TASK DIRECTIONS => Quote, word for word, the line containing "Pijpdraadsnijgereedschapset beschikbaar voor" and all lines that follow it to the end of the records, with no pictures.

Top of RECORDS TO USE

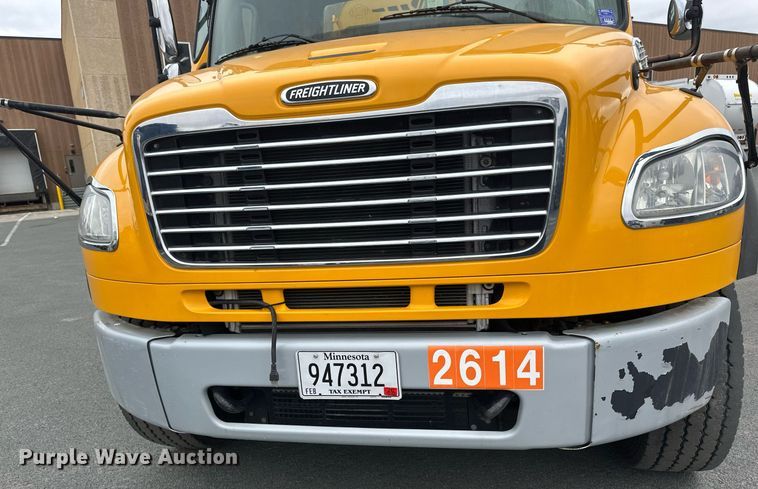 image for item DV0749 2016 Freightliner  M2 refuse truck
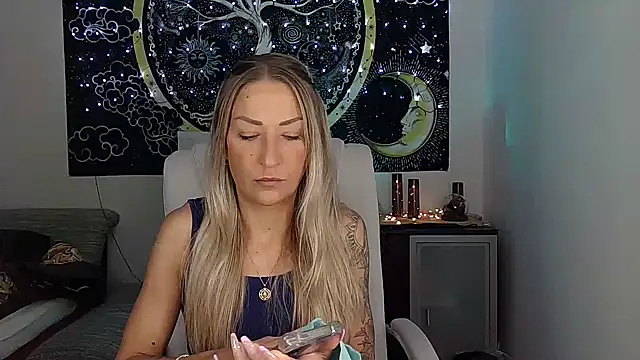 SexxyLiviaa online show from 10-21-25, 03:18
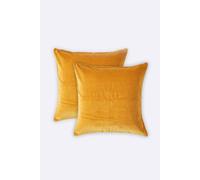 HOMESCAPES Set of 2 Mustard Velvet Cushion Covers Super Soft Cotton Velvet Luxury Square Scatter Cushions Dark Yellow Plain Accent Pair of Throw Pillows for Sofa and Bed Decoration, 40 x 40cm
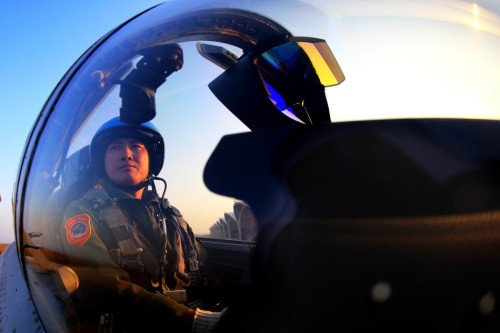 舰载机飞行员戴明盟,现任海军舰载机部队司令员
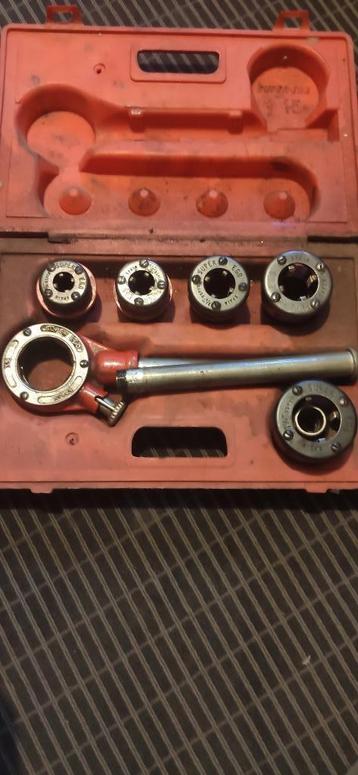 Pijpdraadsnijgereedschapset beschikbaar voor biedingen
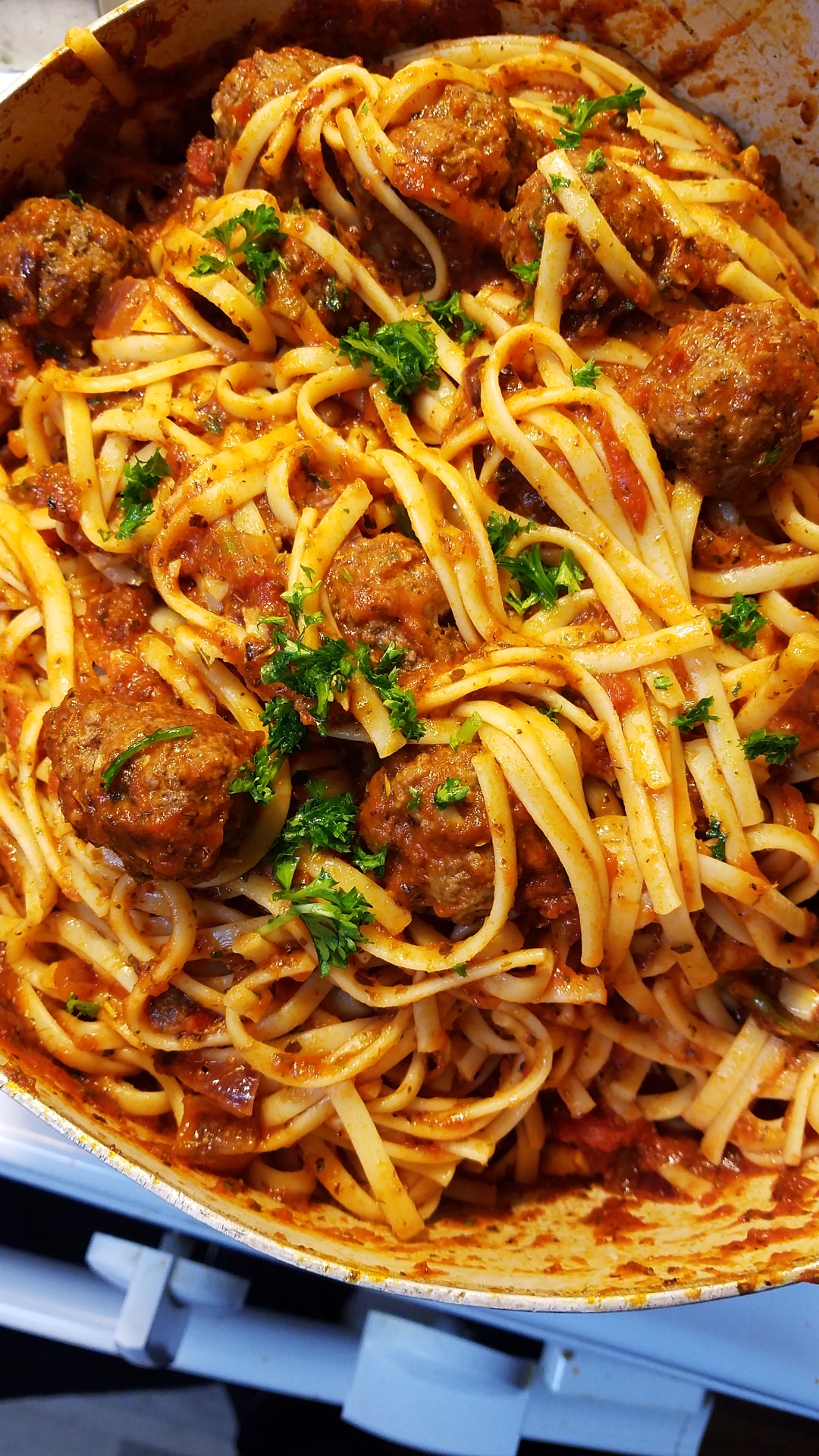 [Homemade] "Linguine" and Meatballs r/food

Bottom of RECORDS TO USE

EXERCISE RESULT =>
 Pijpdraadsnijgereedschapset beschikbaar voor biedingen
 [Homemade] "Linguine" and Meatballs r/food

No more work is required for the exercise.